A major oil and gas company works in a volatile market, where IoT data floods in at the rate of gigabytes per second – and where up-to-date financial projections, generated by a .NET application, serve as a major competitive advantage. After considering MongoDB and Oracle Exadata, they replaced two NoSQL databases at the core of their analytics architecture – MapR and ElasticSearch – with SingleStore. After a fast implementation, they now run financial forecasts multiple times a day, with much greater performance, with many fewer servers, and at much lower cost than with competitors.

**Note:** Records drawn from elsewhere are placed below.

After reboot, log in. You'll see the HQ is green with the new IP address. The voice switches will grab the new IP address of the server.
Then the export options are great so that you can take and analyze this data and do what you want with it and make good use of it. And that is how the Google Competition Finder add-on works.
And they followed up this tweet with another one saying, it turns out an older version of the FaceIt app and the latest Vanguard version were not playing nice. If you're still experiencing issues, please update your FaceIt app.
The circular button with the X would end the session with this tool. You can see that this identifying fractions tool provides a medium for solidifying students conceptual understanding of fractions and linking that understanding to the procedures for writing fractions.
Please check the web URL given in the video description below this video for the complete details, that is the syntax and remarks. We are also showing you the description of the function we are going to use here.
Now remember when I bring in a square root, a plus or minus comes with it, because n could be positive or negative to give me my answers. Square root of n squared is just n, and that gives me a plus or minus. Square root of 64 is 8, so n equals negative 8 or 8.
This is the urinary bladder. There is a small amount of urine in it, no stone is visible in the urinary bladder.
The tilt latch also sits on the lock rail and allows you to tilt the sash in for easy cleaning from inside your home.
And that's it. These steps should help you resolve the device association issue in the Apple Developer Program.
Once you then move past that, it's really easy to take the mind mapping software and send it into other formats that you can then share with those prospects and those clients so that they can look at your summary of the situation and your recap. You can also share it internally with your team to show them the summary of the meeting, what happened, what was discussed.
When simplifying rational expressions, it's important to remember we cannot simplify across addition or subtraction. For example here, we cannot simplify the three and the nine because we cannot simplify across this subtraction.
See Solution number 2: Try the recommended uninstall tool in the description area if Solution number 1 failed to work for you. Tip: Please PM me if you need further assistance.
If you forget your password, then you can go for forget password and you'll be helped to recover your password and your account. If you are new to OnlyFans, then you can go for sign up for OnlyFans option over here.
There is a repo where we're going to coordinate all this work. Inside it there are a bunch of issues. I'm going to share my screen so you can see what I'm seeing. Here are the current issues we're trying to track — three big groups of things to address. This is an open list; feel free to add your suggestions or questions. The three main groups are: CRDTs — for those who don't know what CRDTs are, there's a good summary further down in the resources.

The company now also uses SingleStore for a wide range of financial forecasting applications, land contracts analysis, ERP reporting, and more.
Finding, extracting, and delivering oil and gas is one of the most challenging businesses in the world. And it is also, in normal times, one of the most lucrative businesses in the world. But the recent crash in the price of oil, along with a collapse in demand caused by the coronavirus epidemic, have exerted unprecedented pressures on this industry.
But oil and gas has always been a tough business. One of the biggest challenges, and opportunities, is financial. Well-run companies use mountains of data to help them manage their reserves of available capital. With good access to capital, when things look good, these companies invest in turning on existing supply, and exploring for new reserves. When times are tough, they reduce production and hold tight until the next opportunity.
Players which are poorly run, or which are too small to compete effectively, tend to miss out on some of the peaks and get caught short in the valleys, driving them to sell out, or go out of business. The assets of the weaker company are then purchased by one of their better-run competitors, which thereby grows larger, and – to the extent that the company is run well – more resilient.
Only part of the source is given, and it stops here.